» Work request
Here the job is to return only the lines of the material, exactly, from the first one to the line with "(W) TOTEME 高腰直筒牛仔裤 黑色 241WRB2375FB0046068 Shop".
%%
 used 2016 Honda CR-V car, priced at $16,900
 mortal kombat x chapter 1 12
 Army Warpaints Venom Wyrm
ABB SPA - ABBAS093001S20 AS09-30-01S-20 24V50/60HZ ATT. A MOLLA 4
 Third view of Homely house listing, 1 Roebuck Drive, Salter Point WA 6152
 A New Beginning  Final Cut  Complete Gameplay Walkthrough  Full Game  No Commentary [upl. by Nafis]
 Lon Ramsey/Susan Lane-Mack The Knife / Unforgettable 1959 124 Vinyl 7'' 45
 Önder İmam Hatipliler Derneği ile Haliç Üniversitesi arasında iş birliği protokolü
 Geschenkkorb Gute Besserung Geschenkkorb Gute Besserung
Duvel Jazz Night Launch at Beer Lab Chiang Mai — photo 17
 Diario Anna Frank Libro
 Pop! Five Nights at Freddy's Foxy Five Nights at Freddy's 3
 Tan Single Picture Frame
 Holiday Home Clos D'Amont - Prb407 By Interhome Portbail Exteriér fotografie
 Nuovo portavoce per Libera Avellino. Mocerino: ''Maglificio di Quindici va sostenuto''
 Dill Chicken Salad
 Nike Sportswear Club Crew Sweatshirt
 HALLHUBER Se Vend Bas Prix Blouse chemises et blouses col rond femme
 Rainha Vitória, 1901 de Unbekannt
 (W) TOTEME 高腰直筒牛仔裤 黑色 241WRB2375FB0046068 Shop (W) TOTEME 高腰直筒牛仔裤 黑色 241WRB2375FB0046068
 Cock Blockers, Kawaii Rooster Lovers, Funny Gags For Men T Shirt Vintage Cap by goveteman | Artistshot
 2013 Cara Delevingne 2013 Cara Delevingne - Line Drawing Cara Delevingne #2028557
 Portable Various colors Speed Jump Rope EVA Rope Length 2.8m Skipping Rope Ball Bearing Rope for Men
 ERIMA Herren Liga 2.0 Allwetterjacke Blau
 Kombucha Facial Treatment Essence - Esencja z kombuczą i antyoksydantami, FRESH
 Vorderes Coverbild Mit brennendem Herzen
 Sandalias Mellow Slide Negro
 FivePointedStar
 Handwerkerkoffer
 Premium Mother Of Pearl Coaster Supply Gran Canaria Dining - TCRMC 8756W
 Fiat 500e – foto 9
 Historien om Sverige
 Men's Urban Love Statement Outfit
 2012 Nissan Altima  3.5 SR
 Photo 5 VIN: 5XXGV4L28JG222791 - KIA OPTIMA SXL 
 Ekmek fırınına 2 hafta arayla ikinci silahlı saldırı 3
%%
» Task output
 used 2016 Honda CR-V car, priced at $16,900
 mortal kombat x chapter 1 12
 Army Warpaints Venom Wyrm
ABB SPA - ABBAS093001S20 AS09-30-01S-20 24V50/60HZ ATT. A MOLLA 4
 Third view of Homely house listing, 1 Roebuck Drive, Salter Point WA 6152
 A New Beginning  Final Cut  Complete Gameplay Walkthrough  Full Game  No Commentary [upl. by Nafis]
 Lon Ramsey/Susan Lane-Mack The Knife / Unforgettable 1959 124 Vinyl 7'' 45
 Önder İmam Hatipliler Derneği ile Haliç Üniversitesi arasında iş birliği protokolü
 Geschenkkorb Gute Besserung Geschenkkorb Gute Besserung
Duvel Jazz Night Launch at Beer Lab Chiang Mai — photo 17
 Diario Anna Frank Libro
 Pop! Five Nights at Freddy's Foxy Five Nights at Freddy's 3
 Tan Single Picture Frame
 Holiday Home Clos D'Amont - Prb407 By Interhome Portbail Exteriér fotografie
 Nuovo portavoce per Libera Avellino. Mocerino: ''Maglificio di Quindici va sostenuto''
 Dill Chicken Salad
 Nike Sportswear Club Crew Sweatshirt
 HALLHUBER Se Vend Bas Prix Blouse chemises et blouses col rond femme
 Rainha Vitória, 1901 de Unbekannt
 (W) TOTEME 高腰直筒牛仔裤 黑色 241WRB2375FB0046068 Shop (W) TOTEME 高腰直筒牛仔裤 黑色 241WRB2375FB0046068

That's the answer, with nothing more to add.